Le famiglie vanno dai tre componenti – come gli ottuagenari con mamma centenaria di Okinawa, che hanno il primato nel consumare frutta e verdura – alle decine di membri in un nucleo egiziano. C’è inoltre chi non rinuncia a mettere in posa anche l’animale domestico (con relativo cibo specifico), come la famiglia francese con il gatto Coppelius.
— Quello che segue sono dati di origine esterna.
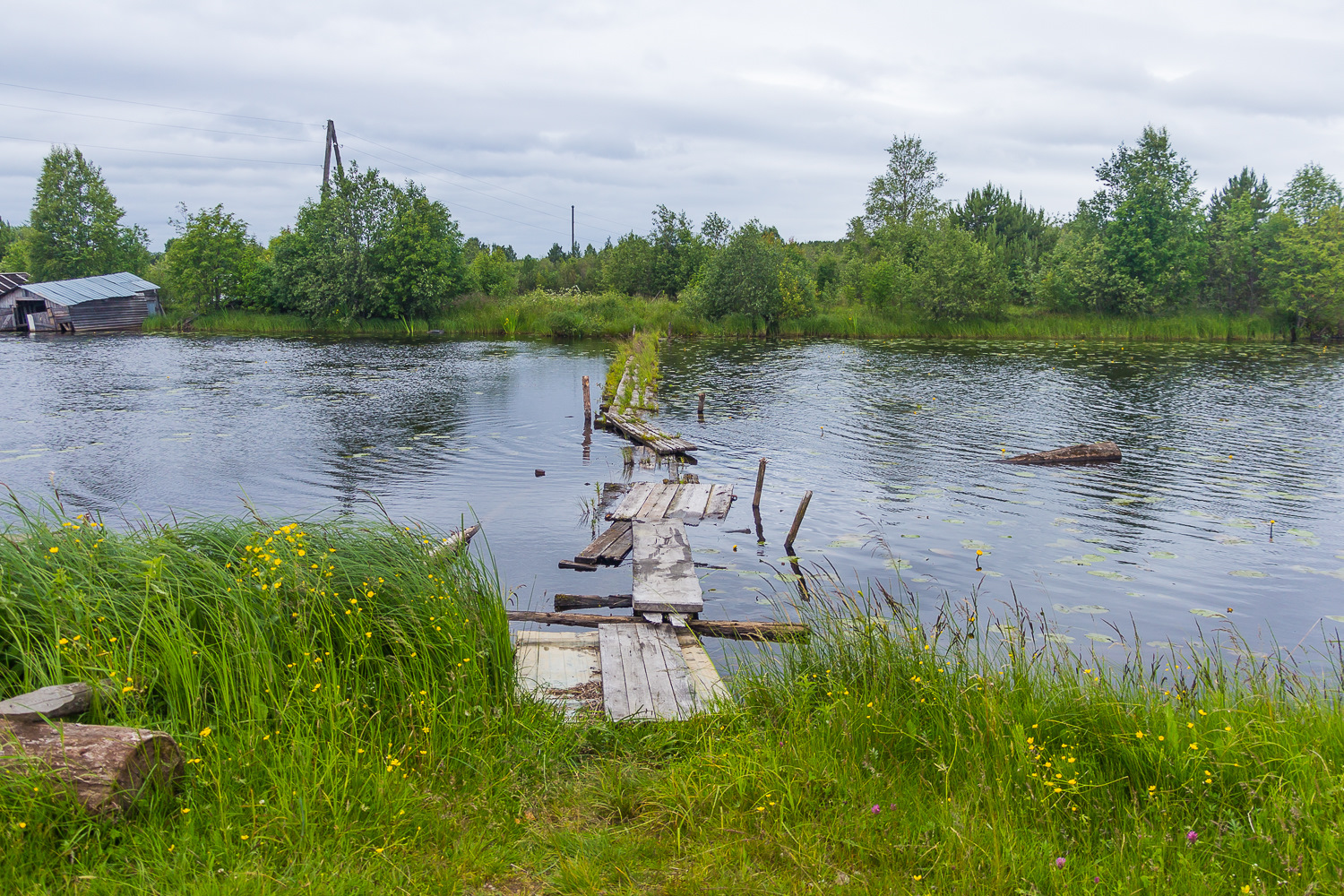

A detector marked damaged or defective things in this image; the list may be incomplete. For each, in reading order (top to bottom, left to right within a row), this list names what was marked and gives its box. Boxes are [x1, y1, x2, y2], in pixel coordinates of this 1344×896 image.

broken wooden post [785, 495, 817, 548]
broken wooden post [0, 717, 185, 817]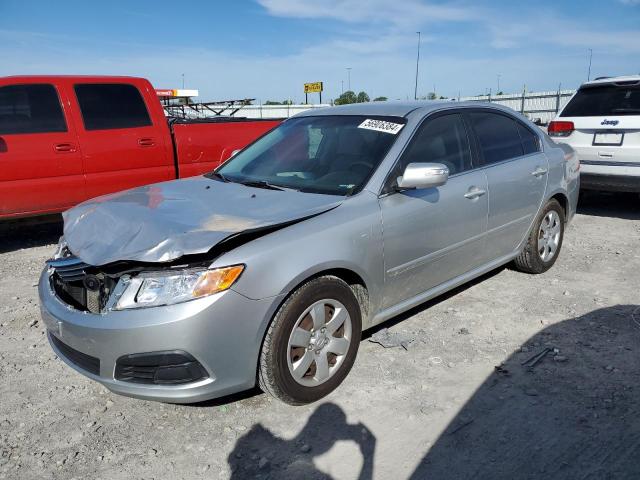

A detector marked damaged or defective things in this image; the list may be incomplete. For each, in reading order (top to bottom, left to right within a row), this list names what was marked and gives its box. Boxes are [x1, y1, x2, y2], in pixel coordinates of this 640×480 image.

Un lavoro concepito come indagine e riflessione sulle abitudini alimentari dei vari Paesi della Terra e, nello stesso tempo, sui condizionamenti più o meno subliminali della globalizzazione; ma anche una raccolta di aneddoti e ricette. Ogni famiglia, infatti, ha raccontato alla coppia il proprio piatto prediletto, fornendone la ricetta; i Manzo di Palermo, ad esempio, hanno indicato la “pasta c’anciuova”, squisita interpretazione della pastasciutta con le sarde.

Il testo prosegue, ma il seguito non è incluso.